Award-Winning New York Times Environment Reporter to Speak at Yale
Andrew Revkin, Environment Reporter for the New York Times, will speak at Yale University on November 12, 6:00 p.m., in the Bowers Auditorium of Sage Hall, 205 Prospect Street.
Revkin’s lecture, “The Hot Seat: Making Sense of Global Warming, from the North Pole to the White House,” is co-sponsored by Yale Environment 360 and the Poynter Fellowship in Journalism at Yale.
The event is free and open to the public.
A prize-winning journalist and author, Revkin has spent a quarter of a century covering subjects ranging from the environmental assault on the Amazon rainforest to the Asian tsunami, from the troubled relationship of science and politics to climate change at the North Pole.
In 2008, he was awarded one of journalism’s top honors, the John Chancellor Award, for more than two decades of pioneering coverage of the science and politics of global warming. His work has won most of the top honors in science journalism, including the Communication Award of the National Academy of Sciences and two awards from the American Association for the Advancement of Science. His first magazine feature, on the worldwide death toll from misuse of the herbicide paraquat, won an Investigative Reporters and Editors Award.
Revkin has reported on the environment for The New York Times since 1995, mainly covering environmental issues in their social and political context. His blog, Dot Earth (nytimes.com/dotearth), engages the public in a discussion of strategies for balancing human aspirations and the planet’s limited resources. Revkin’s innovative approach to journalism includes blogging, podcasts and video imagery to accompany his stories.
Throughout his career, he has focused on the challenge of providing energy for a growing human population without overloading the atmosphere with greenhouse gases. His first stories on how human activities affect the climate were published in1985, three years before the formation of the Intergovernmental Panel on Climate Change. Revkin has covered the science and politics of global warming in more than 500 magazine and newspaper stories, two books, and a prize-winning Discovery-Times documentary, “Arctic Rush.”
Revkin’s most recent book is “The North Pole Was Here: Puzzles and Perils at the Top of the World” (Kingfisher, 2006), the first account of global and Arctic climate change written for the whole family.

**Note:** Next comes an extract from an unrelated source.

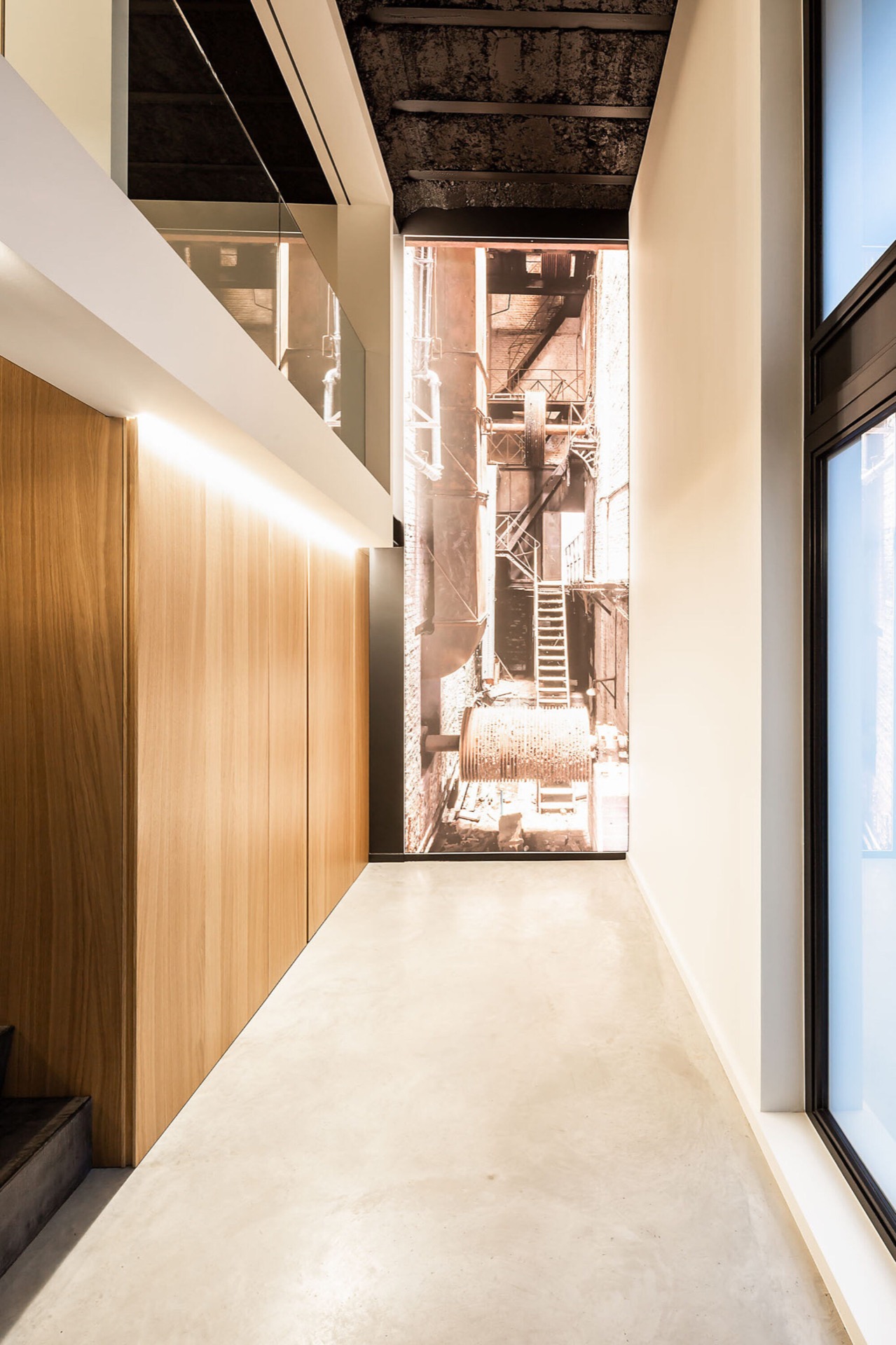interno industriale: interno con grandi finestre e soffitto industriale, Luxury, Design, Exclusive, Modern, Custom Made, Special, Beautiful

It was named both an outstanding science book and social studies book by the Children’s Book Council.
He has authored two other books. “The Burning Season” (1990) chronicles the life of Chico Mendes, the slain leader of the movement to save the Amazon rainforest. The prize-winning book was published in 10 languages, was a New York Times Notable Book of the Year, and was the basis for the prize-winning HBO film of the same name, starring Raul Julia and directed by John Frankenheimer. Revkin also wrote “Global Warming: Understanding the Forecast” (1992), which accompanied the first museum exhibition on climate change, created by the American Museum of Natural History.
Before joining The New York Times, Revkin was a senior editor of Discover, a staff writer for the Los Angeles Times, and a senior writer at Science Digest. He has contributed freelance articles to the New Yorker, Rolling Stone, AARP’s magazine, Conde Nast Traveler and many other publications. Revkin has a biology degree from Brown, a master’s degree in journalism from Columbia. He has taught at Columbia’s Graduate School of Journalism and Bard College.

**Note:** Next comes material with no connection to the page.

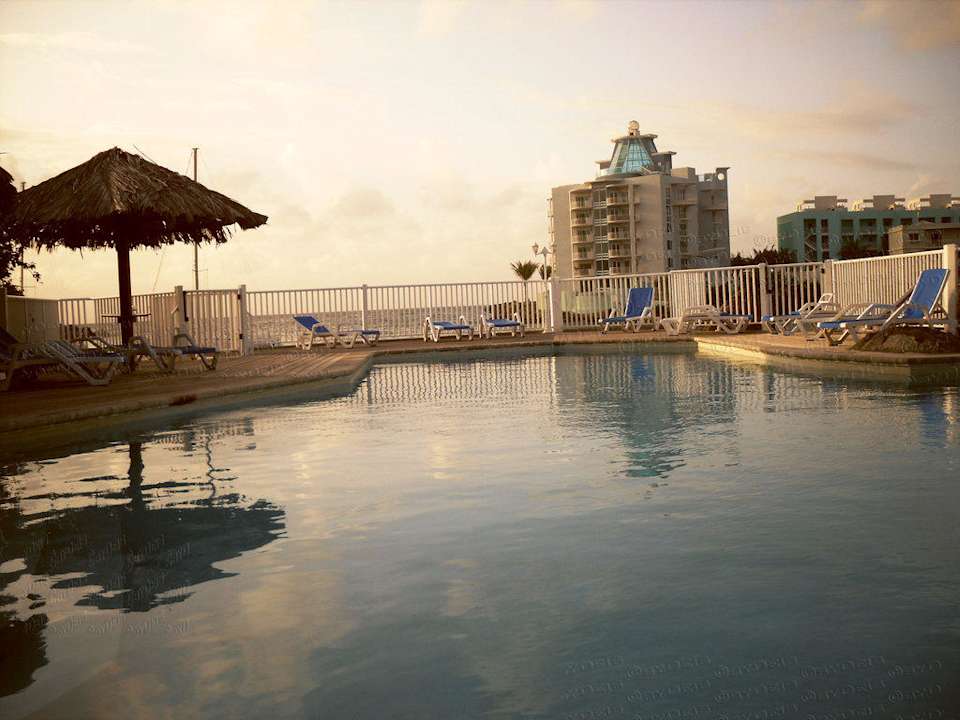My Pool Hotel Captain Oliver's Resort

The Poynter Fellowship in Journalism was designed to broaden students’ awareness about the field of journalism and its role in contemporary culture. Established in 1971 through the generosity of Nelson Poynter (Yale, M.A. 1927), the program brings distinguished journalists to campus to give public lectures and meet with students.
Past fellows include Ann Curry, Al Franken, Riz Khan, Charlie Rose, Margaret Warner, Judy Woodruff and Bob Woodward.

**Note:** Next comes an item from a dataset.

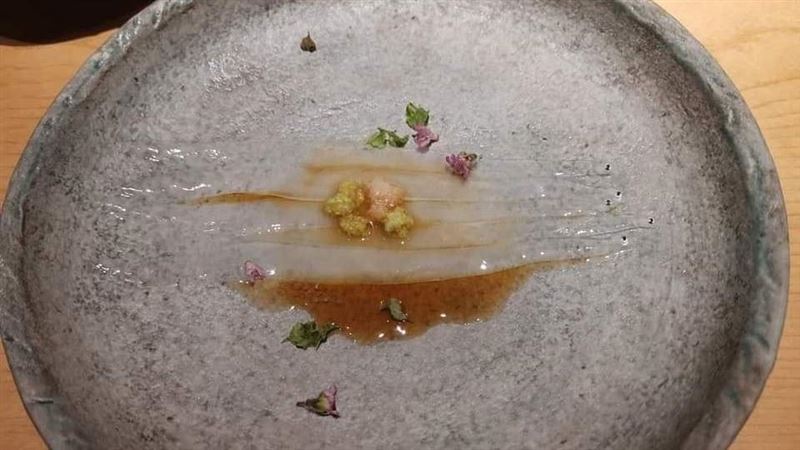 台灣|爽吃「貴桑桑」無菜單日料！下秒餐點一來他傻眼了：要拿放大鏡看？ | 生活 | 三立新聞網  SETN.COM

Yale Environment 360 is an online magazine offering opinion, analysis, reporting and debate on global environmental issues. The publication features original articles by scientists, journalists, environmentalists, academics, policy makers, and business leaders, as well as multimedia content and a daily digest of major environmental news. Environment 360 is published by the Yale School of Forestry & Environmental Studies and Yale University, and is funded in part by grants from the William and Flora Hewlett Foundation and the John D. and Catherine T. MacArthur Foundation.